Six years ago, I said to myself, "man. I hope I never get old and boring, and want to spend a night in reading a book on a weekend." Nowadays, my 18-year-old self would be completely distraught and disappointed in 24-year-old me. Some weekends, there is nothing more satisfying than sitting down with a good book or watching Netflix by myself. Part of this, I believe, is that when I was 18, I was fairly extroverted (probably about 80% extrovert). Now, it seems as though I am split 50-50 introvert-extrovert, and lately I’ve been wondering what caused this. Because when did I get “old and boring” and want nothing more than to read (or watch an awesome Netflix original like “Stranger Things”) and going to bed at 10pm on a Friday night?
After thinking about it, it’s been pretty clear how exhausting ministry can be. Most of my days are spent being pretty “on” with people, meaning you’ve gotta bring your A game to meetings, meeting new people, caring for people, and leading people. After a day of ministry, meeting new people, and trying my best to be extremely welcoming and joyful to meet people—I’m normally pretty wiped. Add that up to a week, and I’m about useless come the weekend. At least one night a week I need some time to be “alone” (I don’t always need to be COMPLETELY secluded from everyone, but more just not have to exert a whole lot of social interaction—thus Netflix, going to a movie, or cooking dinner with one or two of my closets friends) to replenish my sanity.
And according to the research of psychologist Dr. Shauna Shapiro, there is only so much extroversion a person can do before they need to be refilled and focus on their own mindfulness. It’s HEALTHY to take a night to yourself. The more I exert, the more I need to recharge. Extroversion is like drinking from a glass—there’s only so much water you can drink before you inevitably need to refill the glass, or you’ll go thirsty. In this world, extroversion can be exhausting, but there is plenty more to exhaust us as we go through life.
In this world, there is so much that demands our attention. Work can overtake our lives if we let it, there are things to do at home, and we often like feeling wanted by others for out time; we let busyness become this badge of honor that leads us feeling empty, emotionally and physically exhausted, and stressed beyond belief. We need to make time for ourselves. We need to disconnect. We need to learn to be still.
Sometimes "disconnecting" is as easy as turning your phone off for the night, and other times it's heading to the woods (that's what works for me), that coffee shop, or the place where you best connect with God. When we find our place where we are able to simply "be still and know" that He is God, we can destress much better.

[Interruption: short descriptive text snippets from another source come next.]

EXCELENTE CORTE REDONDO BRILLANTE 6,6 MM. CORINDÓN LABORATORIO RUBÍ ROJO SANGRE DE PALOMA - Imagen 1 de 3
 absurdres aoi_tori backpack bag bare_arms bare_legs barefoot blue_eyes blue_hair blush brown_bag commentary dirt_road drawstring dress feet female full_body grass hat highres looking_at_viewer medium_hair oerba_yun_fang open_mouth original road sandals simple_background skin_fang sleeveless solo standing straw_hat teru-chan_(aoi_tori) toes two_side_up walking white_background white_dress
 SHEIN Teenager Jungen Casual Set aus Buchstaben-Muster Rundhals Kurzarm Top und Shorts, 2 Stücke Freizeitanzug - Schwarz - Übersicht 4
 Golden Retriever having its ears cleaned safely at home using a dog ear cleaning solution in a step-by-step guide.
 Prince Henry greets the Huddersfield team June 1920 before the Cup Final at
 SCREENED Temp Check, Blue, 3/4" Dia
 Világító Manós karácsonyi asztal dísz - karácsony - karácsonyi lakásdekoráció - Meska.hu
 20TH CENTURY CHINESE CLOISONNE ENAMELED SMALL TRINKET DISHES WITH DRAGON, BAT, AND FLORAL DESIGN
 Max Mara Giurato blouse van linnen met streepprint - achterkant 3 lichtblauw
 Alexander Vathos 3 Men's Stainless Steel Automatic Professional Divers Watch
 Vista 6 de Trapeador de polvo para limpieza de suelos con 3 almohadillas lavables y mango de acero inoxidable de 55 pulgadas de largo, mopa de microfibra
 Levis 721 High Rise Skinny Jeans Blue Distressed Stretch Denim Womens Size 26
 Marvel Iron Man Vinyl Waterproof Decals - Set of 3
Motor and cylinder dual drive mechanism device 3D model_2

In fact, studies have shown that people who pray have lower blood pressure, less stress, and greater levels of dopamine—giving them better overall well-being and a more joyful state. That’s why the ultimate way to recharge, in my humble opinion, is found in a God who knows me infinitely more and loves me unconditionally. I need to take time to recharge, but also take time to acknowledge God while I partake in a Sabbath.
It seems as though the more that I am moving, shaking, and putting myself in hyper-social-settings, the more I need to step back, disconnect, and be still. Although 18-year-old me would be upset knowing that his 24-year-old-self needs to take a night to recharge, he now knows that maybe I’m not boring. Maybe I’m just a human being that needs to take time for myself, disconnect, and be still and know that He is God.